• **Goal of the exercise**
Exact reproduction of every record is required, and pictures are to be excluded.

++++++++

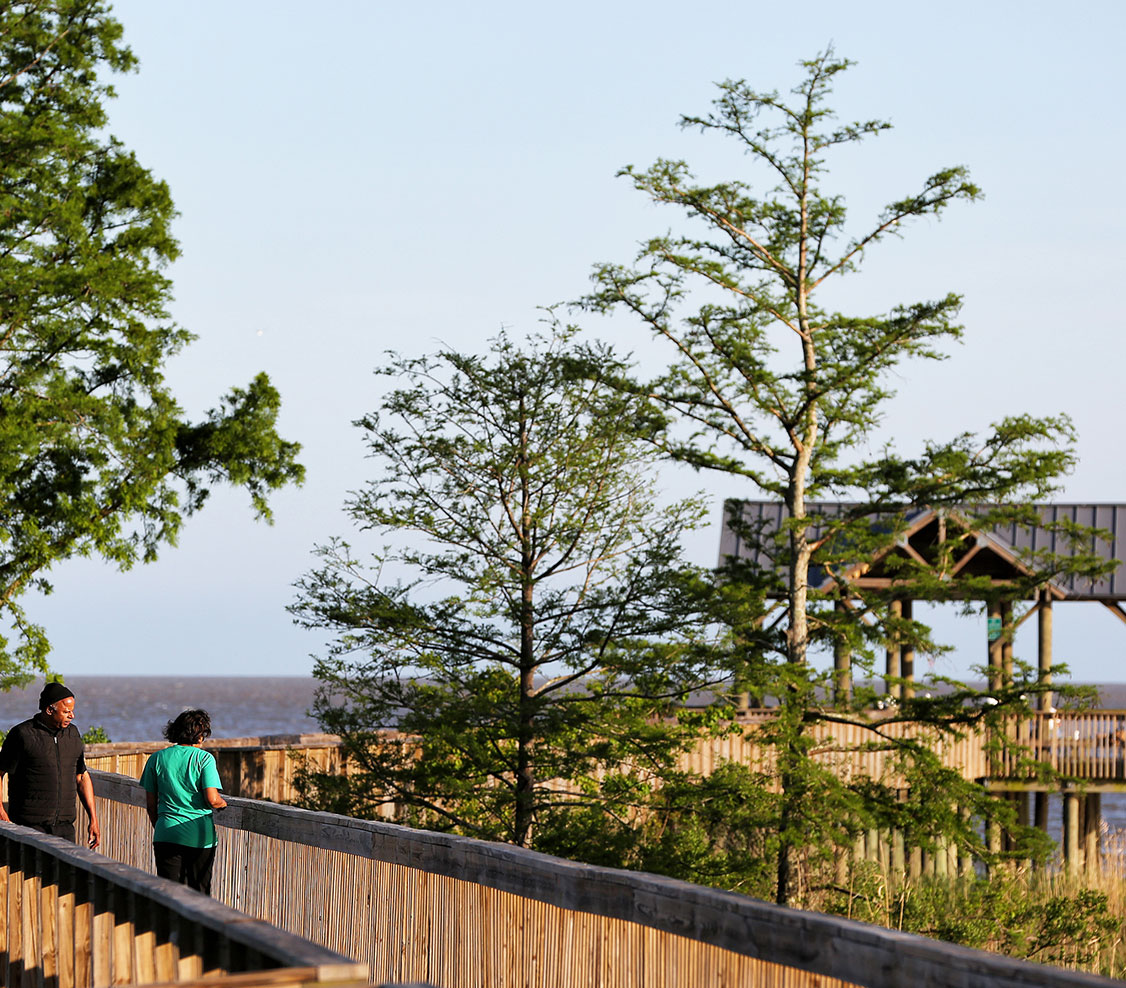 Boardwalk on the water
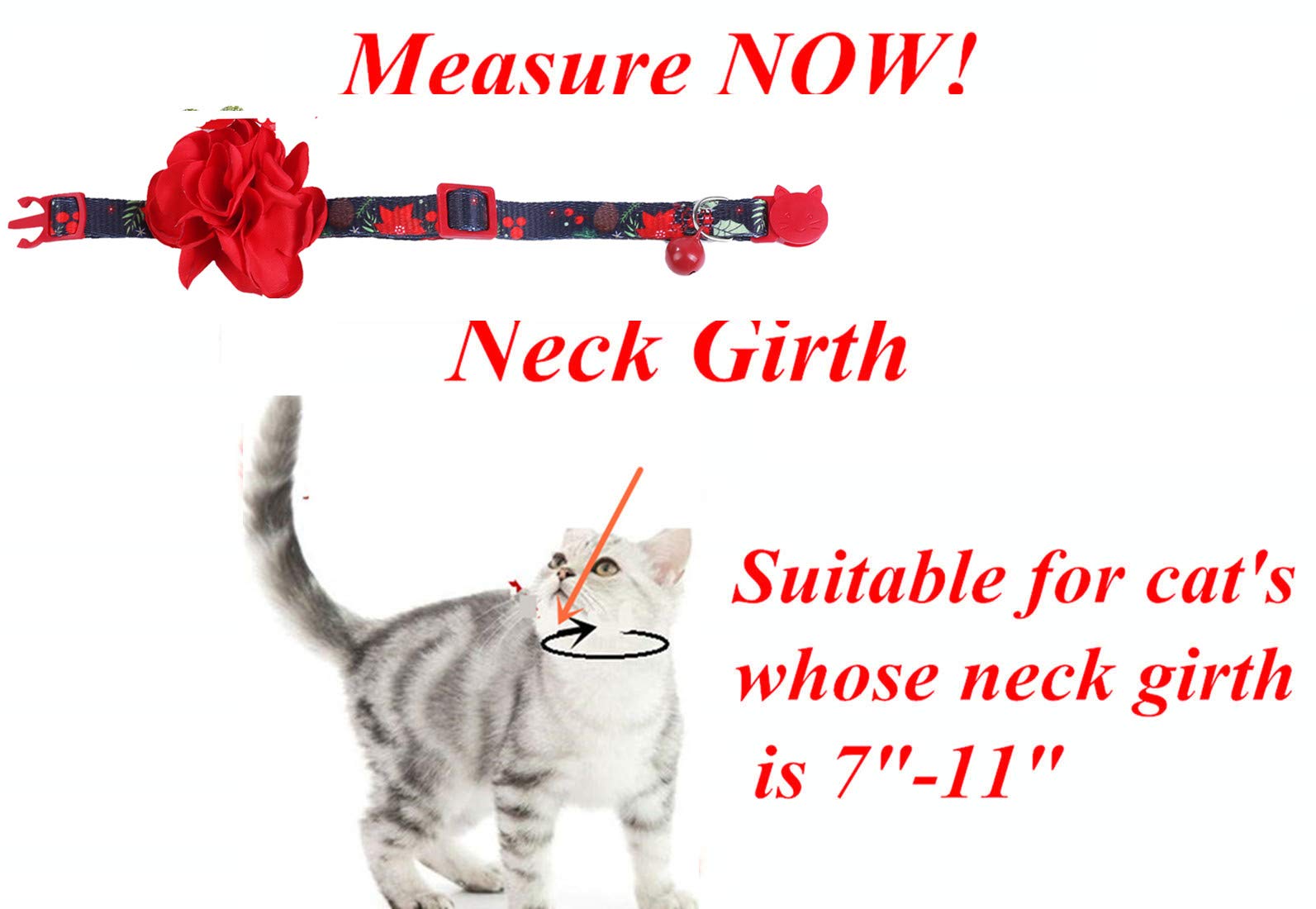 BoomBone festive pet collar worn during a holiday celebration.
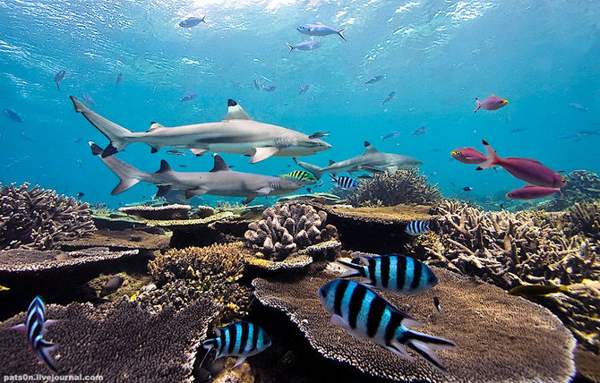 Мир морских глубин. Фото: Alexander SAFONOV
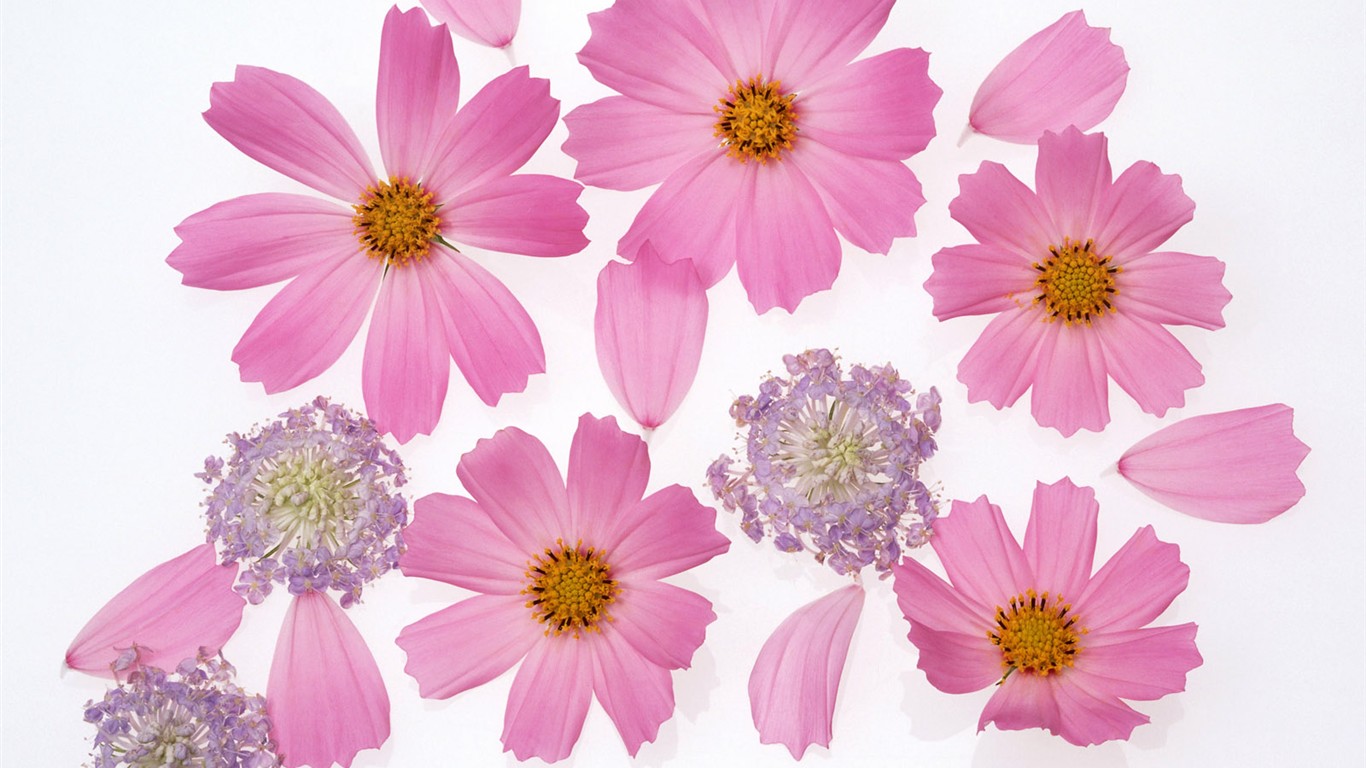 Flower Hintergrundbilder Selection (2) #11 - 1366x768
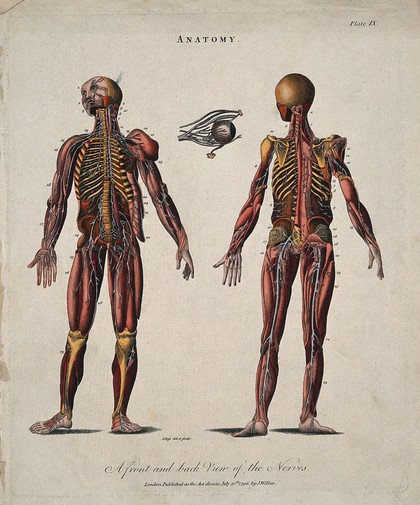 Ecorché figures showing the nerves: front and back views, with an eyeball. Coloured line engraving by J. Pass after W. Hewson, 1796.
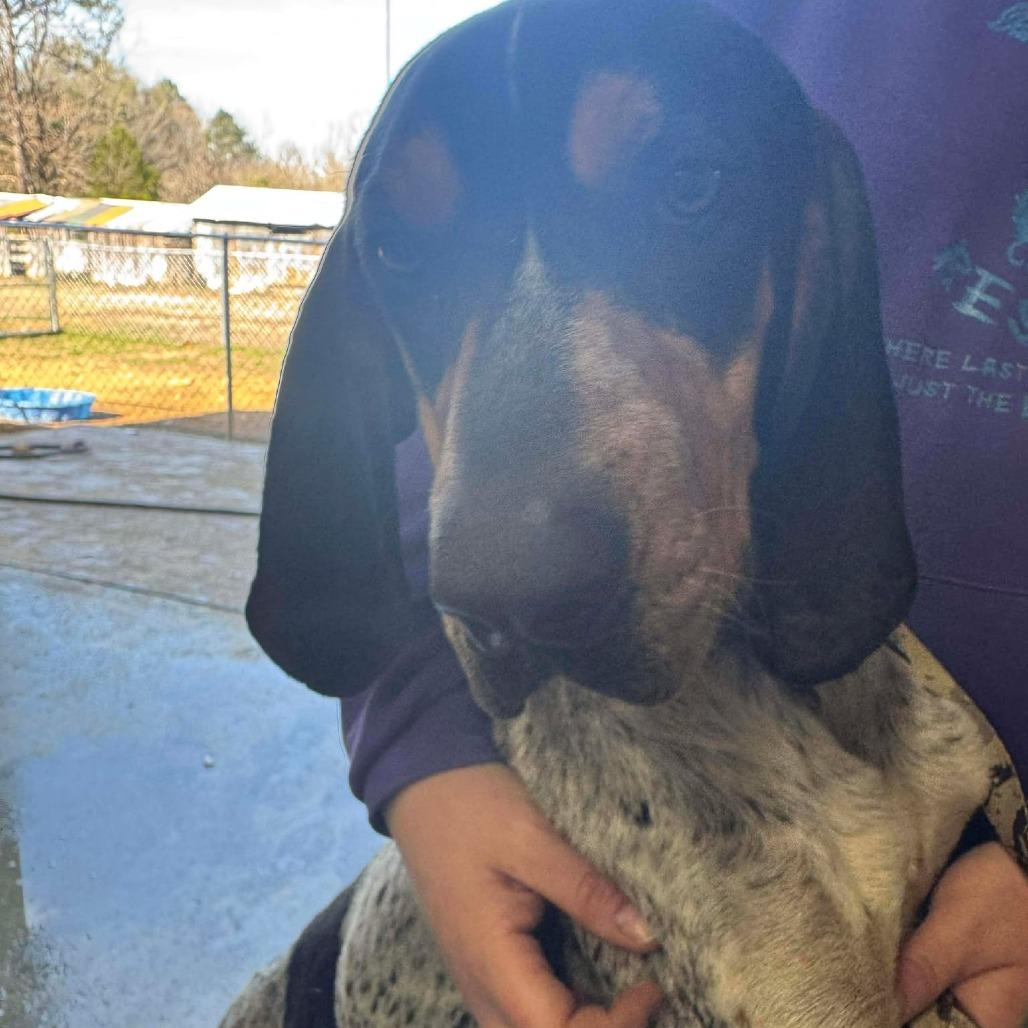 Jethro Blue thumbnail 4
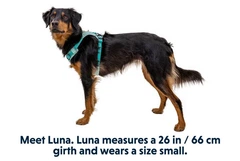 Полегшена шлейка для собак Ruffwear Hi & Light L/XL 81-107 см Зелений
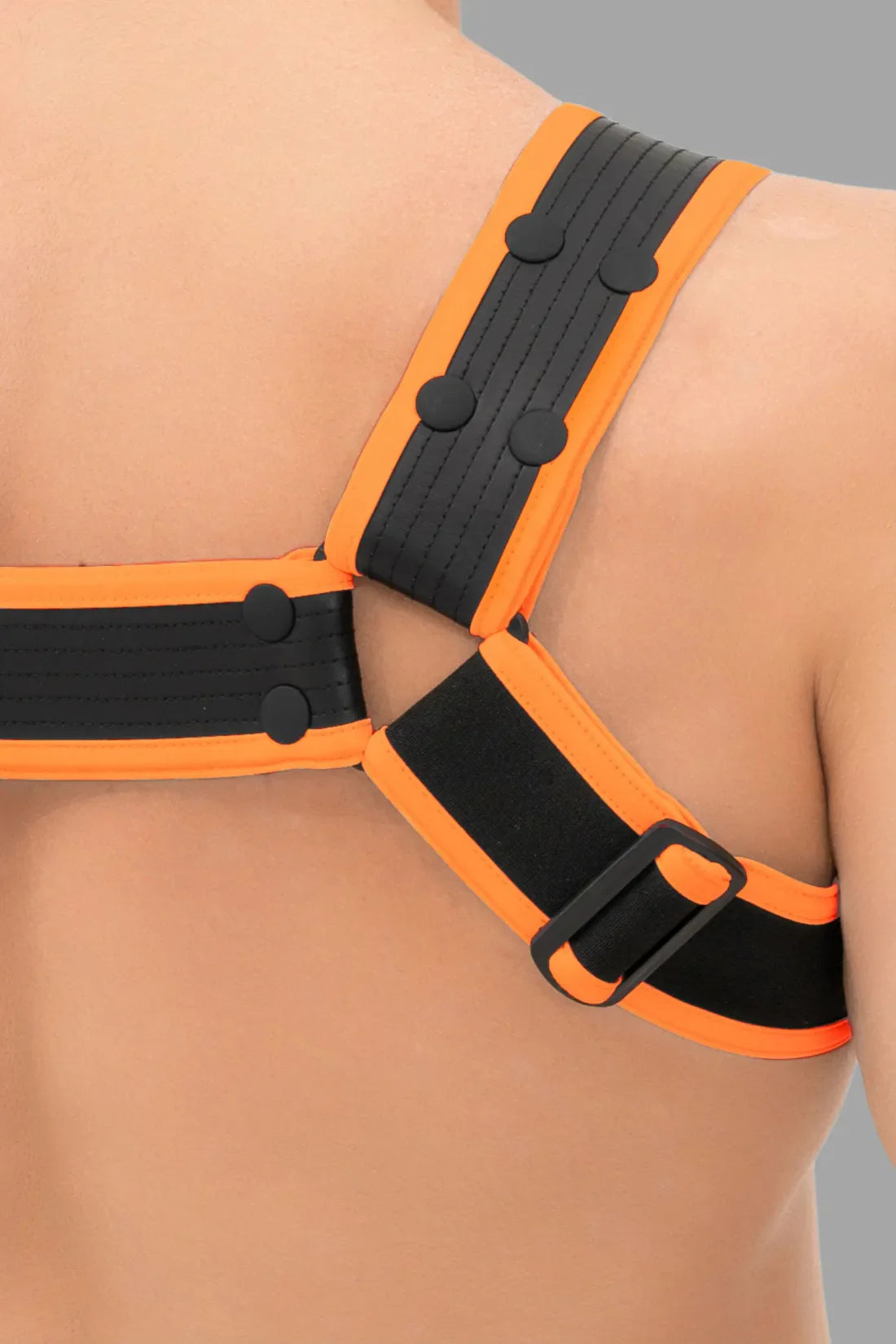 Outtox. Bulldog Harness with Snaps. Black and Orange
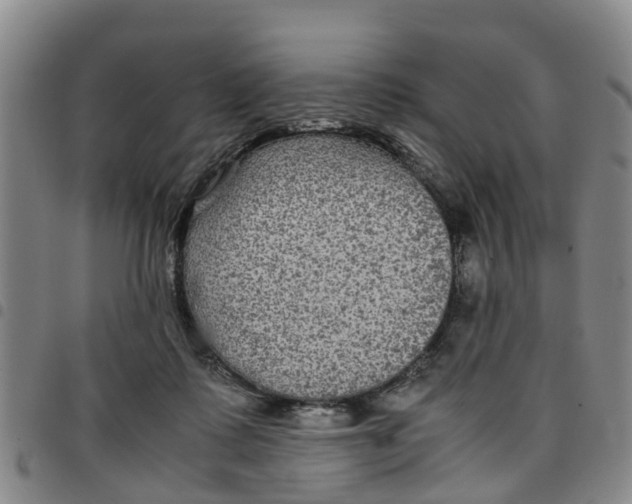 X0000097460315200803141857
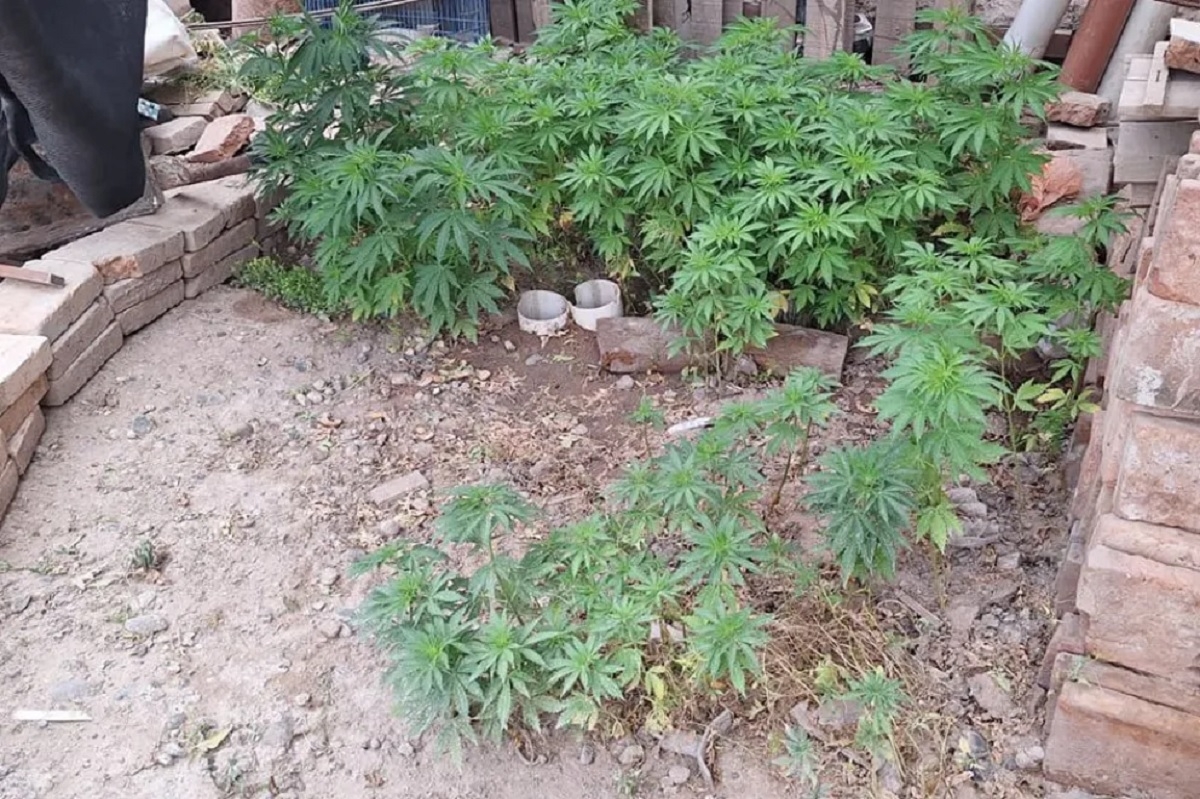 130 plantines de marihuana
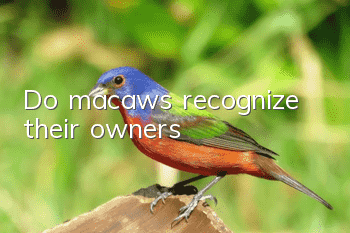 Do macaws recognize their owners?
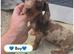 3 Gorgeous mini Dashhunds Puppies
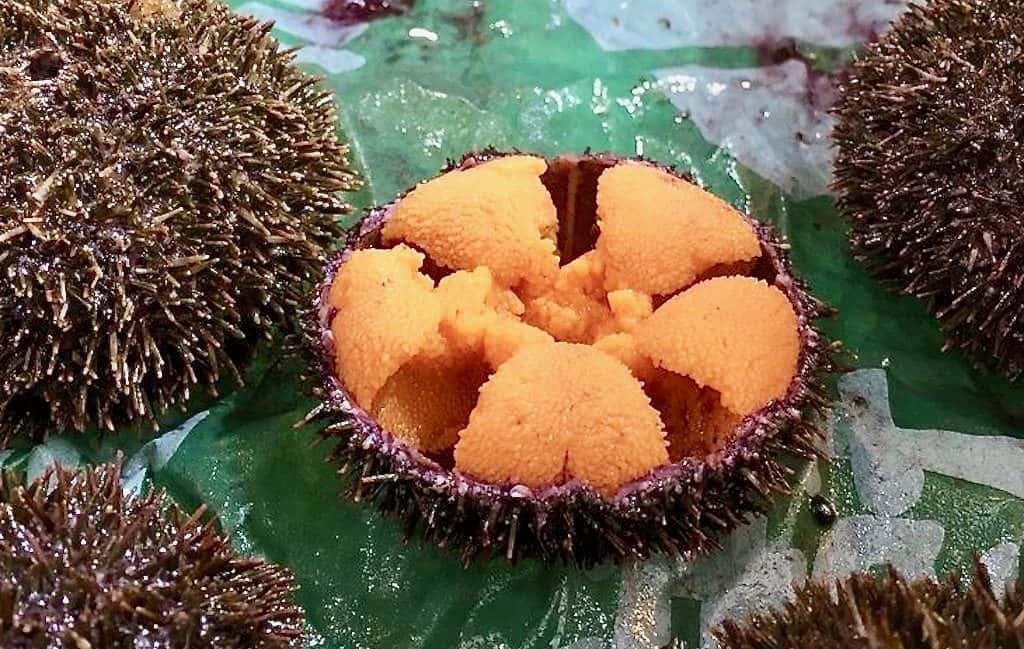 What to Eat at Osaka Kuromon Market Sea Urchin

++++++++

• **Result**
 Boardwalk on the water
 BoomBone festive pet collar worn during a holiday celebration.
 Мир морских глубин. Фото: Alexander SAFONOV
 Flower Hintergrundbilder Selection (2) #11 - 1366x768
 Ecorché figures showing the nerves: front and back views, with an eyeball. Coloured line engraving by J. Pass after W. Hewson, 1796.
 Jethro Blue thumbnail 4
 Полегшена шлейка для собак Ruffwear Hi & Light L/XL 81-107 см Зелений
 Outtox. Bulldog Harness with Snaps. Black and Orange
 X0000097460315200803141857
 130 plantines de marihuana
 Do macaws recognize their owners?
 3 Gorgeous mini Dashhunds Puppies
 What to Eat at Osaka Kuromon Market Sea Urchin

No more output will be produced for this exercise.